May 11, 2007
Modeling Atmospheric Data and Climate Change Models
Friday May 11, 2007 8:30am - 3:00pm
Beane Hall, 13th floor of Lewis Tower,
Water Tower Campus, Loyola Univ. of Chicago,
820 N. Michigan Avenue Chicago, IL 60611
Global climate models, especially those that predict global warming induced by rising greenhouse gases, have been widely publicized recently. Those of us with a statistical background, but not experts in this field, cannot help but wonder whether these models are any good at all.
Just how good are global climate models? What success do they have in predicting present-day climate? What are the challenges in simulating future climate? (In this century? In the Midwest?) How can anyone quantify the sources of uncertainty in these predictions?

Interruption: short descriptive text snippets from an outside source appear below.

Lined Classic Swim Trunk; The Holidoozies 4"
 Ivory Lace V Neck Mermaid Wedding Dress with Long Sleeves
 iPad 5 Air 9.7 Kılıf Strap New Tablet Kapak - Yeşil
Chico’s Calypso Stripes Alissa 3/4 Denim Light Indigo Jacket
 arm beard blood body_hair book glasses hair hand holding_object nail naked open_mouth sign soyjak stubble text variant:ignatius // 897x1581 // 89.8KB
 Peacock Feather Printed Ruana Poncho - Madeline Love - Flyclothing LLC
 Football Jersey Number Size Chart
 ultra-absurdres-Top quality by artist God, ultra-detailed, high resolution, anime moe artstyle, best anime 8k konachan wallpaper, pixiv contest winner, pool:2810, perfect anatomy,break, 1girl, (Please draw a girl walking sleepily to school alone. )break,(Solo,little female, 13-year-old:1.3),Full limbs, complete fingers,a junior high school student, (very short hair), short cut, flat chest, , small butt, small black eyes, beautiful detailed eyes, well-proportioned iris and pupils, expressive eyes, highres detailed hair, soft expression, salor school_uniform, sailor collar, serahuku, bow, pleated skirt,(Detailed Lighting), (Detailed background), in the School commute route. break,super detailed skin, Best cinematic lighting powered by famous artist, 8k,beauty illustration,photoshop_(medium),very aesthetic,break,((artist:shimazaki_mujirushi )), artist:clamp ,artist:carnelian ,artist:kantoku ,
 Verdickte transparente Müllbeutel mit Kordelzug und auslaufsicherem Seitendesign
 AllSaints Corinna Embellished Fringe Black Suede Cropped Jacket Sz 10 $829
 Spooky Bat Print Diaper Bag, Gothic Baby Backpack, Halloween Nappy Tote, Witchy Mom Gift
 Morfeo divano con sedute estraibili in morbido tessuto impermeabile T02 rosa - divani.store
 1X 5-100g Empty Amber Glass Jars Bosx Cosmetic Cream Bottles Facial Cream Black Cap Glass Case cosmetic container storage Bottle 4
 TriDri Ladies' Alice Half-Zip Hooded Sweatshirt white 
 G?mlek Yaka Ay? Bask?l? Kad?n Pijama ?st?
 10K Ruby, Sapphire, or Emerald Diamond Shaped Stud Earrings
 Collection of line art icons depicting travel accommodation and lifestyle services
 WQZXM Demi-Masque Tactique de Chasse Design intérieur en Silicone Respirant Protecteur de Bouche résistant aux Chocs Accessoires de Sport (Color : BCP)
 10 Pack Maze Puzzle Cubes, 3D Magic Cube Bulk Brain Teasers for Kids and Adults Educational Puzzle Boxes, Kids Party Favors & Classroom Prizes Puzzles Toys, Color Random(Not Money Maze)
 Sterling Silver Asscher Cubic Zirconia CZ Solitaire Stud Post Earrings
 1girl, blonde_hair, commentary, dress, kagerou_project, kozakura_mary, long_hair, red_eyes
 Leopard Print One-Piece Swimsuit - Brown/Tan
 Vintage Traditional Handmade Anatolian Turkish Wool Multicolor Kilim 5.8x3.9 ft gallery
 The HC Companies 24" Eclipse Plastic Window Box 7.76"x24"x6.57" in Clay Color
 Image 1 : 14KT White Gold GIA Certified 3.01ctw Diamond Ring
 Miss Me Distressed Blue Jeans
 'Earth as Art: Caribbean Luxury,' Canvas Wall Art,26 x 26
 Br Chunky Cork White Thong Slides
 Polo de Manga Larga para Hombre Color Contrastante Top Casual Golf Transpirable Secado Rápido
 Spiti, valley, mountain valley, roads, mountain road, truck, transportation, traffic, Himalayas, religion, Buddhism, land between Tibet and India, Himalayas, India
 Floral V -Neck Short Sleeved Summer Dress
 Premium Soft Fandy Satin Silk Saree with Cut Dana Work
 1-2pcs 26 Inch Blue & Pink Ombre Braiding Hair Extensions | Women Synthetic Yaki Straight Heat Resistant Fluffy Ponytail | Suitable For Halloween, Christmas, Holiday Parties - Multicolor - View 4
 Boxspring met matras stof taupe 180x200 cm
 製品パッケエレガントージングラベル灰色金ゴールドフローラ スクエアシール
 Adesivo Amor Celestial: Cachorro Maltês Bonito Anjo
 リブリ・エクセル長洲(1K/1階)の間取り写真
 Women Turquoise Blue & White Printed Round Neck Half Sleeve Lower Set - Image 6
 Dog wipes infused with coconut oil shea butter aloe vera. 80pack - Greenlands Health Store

From a statistical point of view, there are even more fundamental issues here. What statistical methods are available for summarizing, modeling, estimating and visualizing spatial dependence on a global scale? How should observed data, such as data collected by satellites, be employed in modeling atmospheric phenomena on a global scale?
Finally, you have to wonder about the effects of climate change on the environment. How do climate-ecosystem models work? Is it possible to develop statistical approaches to identify and quantify vegetation feedbacks to climate? How can these climate-ecosystem models be used to study climate-ecosystem change due to past and future rising levels of greenhouse gases?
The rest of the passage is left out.